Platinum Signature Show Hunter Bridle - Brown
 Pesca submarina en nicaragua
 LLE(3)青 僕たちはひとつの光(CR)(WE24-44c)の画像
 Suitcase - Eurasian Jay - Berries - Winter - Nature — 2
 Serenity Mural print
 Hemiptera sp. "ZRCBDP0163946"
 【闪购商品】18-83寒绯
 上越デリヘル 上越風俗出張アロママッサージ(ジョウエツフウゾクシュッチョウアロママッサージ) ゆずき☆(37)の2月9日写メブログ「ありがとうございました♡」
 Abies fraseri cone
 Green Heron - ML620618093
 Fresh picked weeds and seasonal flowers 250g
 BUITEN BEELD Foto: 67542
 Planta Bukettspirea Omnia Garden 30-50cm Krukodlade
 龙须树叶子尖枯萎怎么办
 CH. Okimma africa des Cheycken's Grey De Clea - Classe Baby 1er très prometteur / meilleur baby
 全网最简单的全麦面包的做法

WORK TO COMPLETE: Exactly the lines from the one containing "Fresh picked weeds and seasonal flowers 250g" to the last line of the entries above must be duplicated, with both of those lines included and nothing more.

RESULT BELOW:
 Fresh picked weeds and seasonal flowers 250g
 BUITEN BEELD Foto: 67542
 Planta Bukettspirea Omnia Garden 30-50cm Krukodlade
 龙须树叶子尖枯萎怎么办
 CH. Okimma africa des Cheycken's Grey De Clea - Classe Baby 1er très prometteur / meilleur baby
 全网最简单的全麦面包的做法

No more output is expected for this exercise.